What happens if a sponsored job offer is below the prevailing wage floor?
An LCA cannot be certified by DOL if the offered wage is below the applicable prevailing wage for the worksite location and wage level. If OFLC denies certification, the H-1B or PERM petition cannot proceed. If an employer files an LCA with an inaccurate wage level to reduce the floor, that creates compliance exposure for the employer and can affect the petition's validity. USCIS may also issue a Request for Evidence if wage documentation does not support the certified level.

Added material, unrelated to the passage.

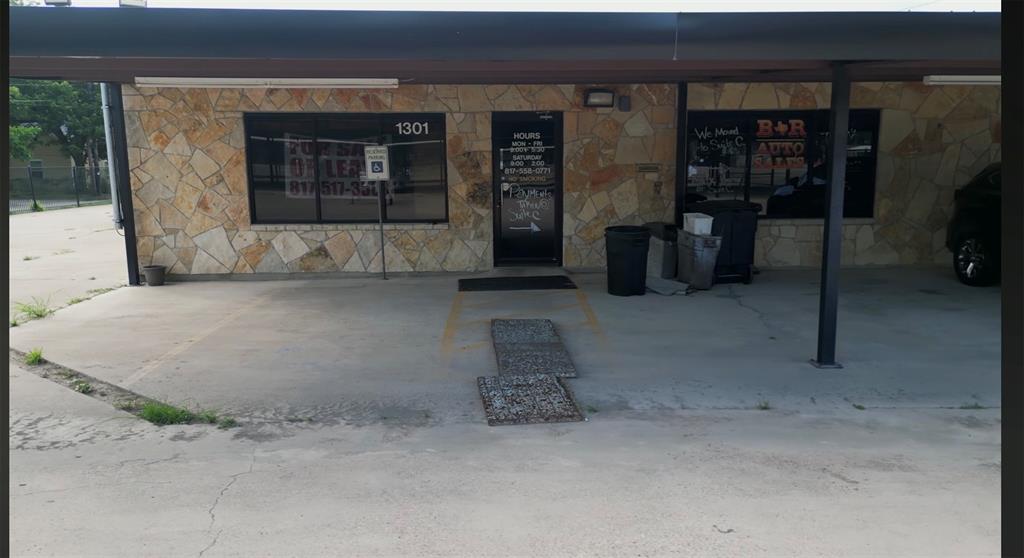 1301 E Henderson Street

How do I find and verify the prevailing wage for a Hearing Aid Specialist position in a specific U.S. city?
The OFLC Wage Search tool lets you look up the current DOL prevailing wage by SOC code and metro area. Enter SOC 29-2092 and select your worksite metro to see all four wage levels. For positions where the employer uses a different job title such as Hearing Care Specialist or Hearing Instrument Dispenser, confirm with the employer that the LCA maps to SOC 29-2092 so you are comparing wages on the same basis. Migrate Mate also lets you filter by role and location to see which employers have sponsored this occupation in your target city.